ACTIVITY: What you return must match the listing exactly, with every image removed.

EXERCISE DATA:
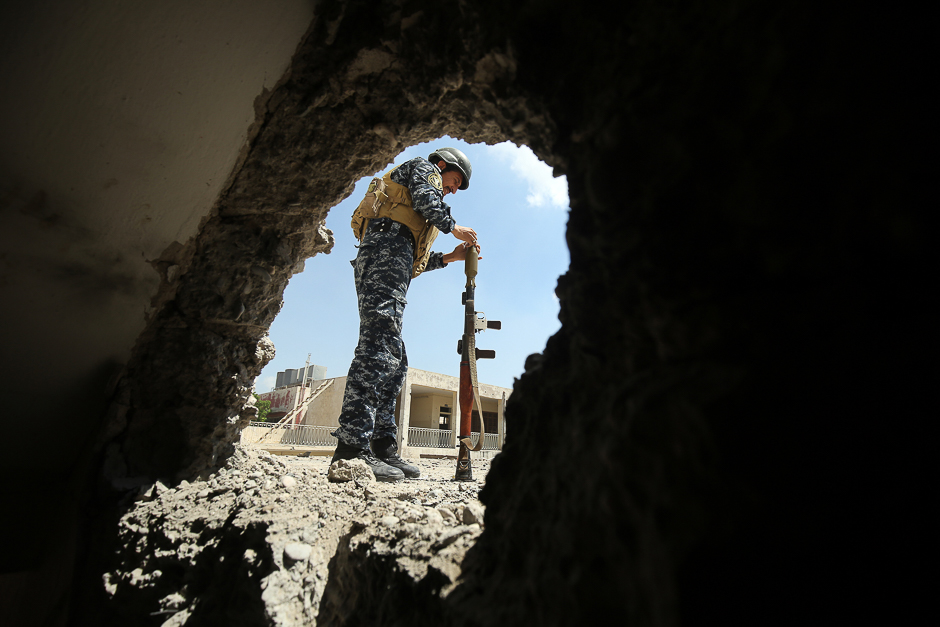 A member of the Iraqi forces relaods a rocket-propelled grenade (RPG) during clashes with Islamic State (IS) group fighters in the old city of Mosul. PHOTO: AFP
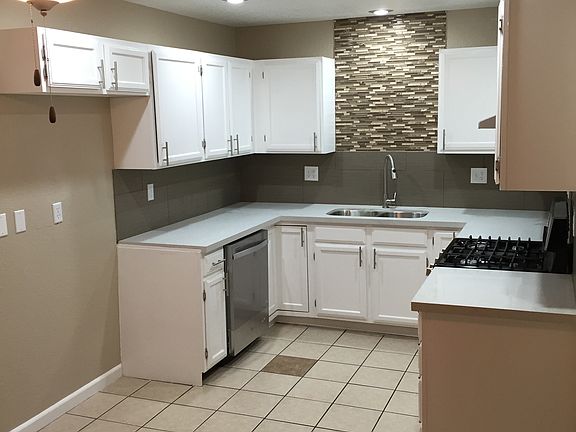 4th image of 904 Wheatley Ave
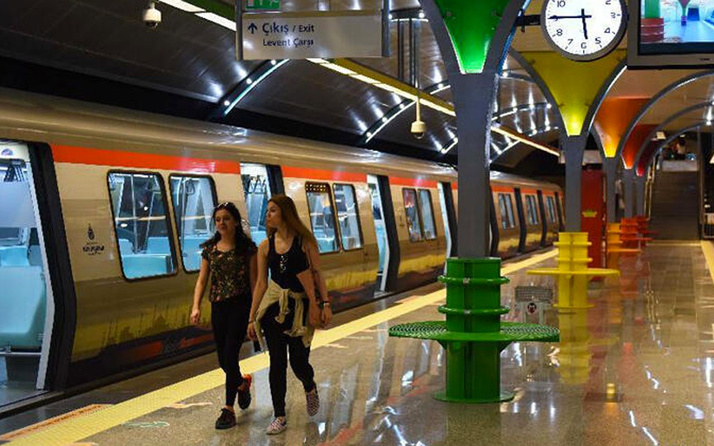 İstanbul'da metro seferleri uzatıldı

RESPONSE TO THE TASK:
 A member of the Iraqi forces relaods a rocket-propelled grenade (RPG) during clashes with Islamic State (IS) group fighters in the old city of Mosul. PHOTO: AFP
 4th image of 904 Wheatley Ave
 İstanbul'da metro seferleri uzatıldı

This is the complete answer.